La dernière nouvelle,
La porte verte m'a beaucoup plu. Cette construction à 3 personnages est parfaitement maîtrisée.
Je ne crois pas que le gros homme, Allyn, soit particulièrement pédophile. A mon avis, il représente l'Amérique blanche, hypocrite, répugnante, incapable d'assumer la notion même de sexualité. "On en voit pas mal, par ici, hommes comme femmes, pour la plupart de bons chrétiens qui cherchent, le nez au vent, des trucs qu'ils ne peuvent pas se procurer chez eux."
p226 : "Il a passé trop d'années à remettre ses désirs à plus tard, à entretenir des fantasmes et à se transformer en amateur de lèche-vitrine sexuel pour savoir ce qu'il veut vraiment."
A contrario, Enrique le Dominicain, "sait ce qu'il aime". Effectivement, sous couvert de Gilles de la Tourette, il dit tout haut ce que tout le monde pense, au fond le barman admire ce type d'homme, au clair avec eux-même et la société.
Pour moi, la notion centrale de la nouvelle est la notion raciale.
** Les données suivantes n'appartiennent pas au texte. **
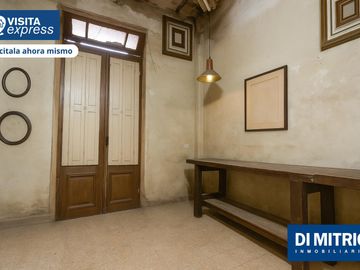 El PH con Estilo Colonial Que Buscás: Espacios Amplios, Patio y Terraza en Boedo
Quand le barman demande à Allyn ce qu'il veut, c'est de "la cuisine thaïe, épicée et bien chaude". Quand Enrique s'énerve, il lâche : "Bas les pattes, con de Blanc, sinon je te coupe tes sales couilles.". Une des dernières phrases de la nouvelle, p239 : "Que c'était un putain de raciste blanc,
man. Il ne l'a pas dit, pas vrai ? Il n'en avait pas besoin."
Rien de ce que dit Allyn (le gros Blanc) ne renvoie à la pédophilie. C'est Enrique qui l'insinue, pour rajouter du répugnant au répugnant : ""à moins qu'il ne s'agisse de garçons polynésiens bien gras", lance-t-il avec un rire qui ressemble à un aboiement." Il s'en persuade, car le raciste ne peut être que suprêmement pourri, donc pédophile.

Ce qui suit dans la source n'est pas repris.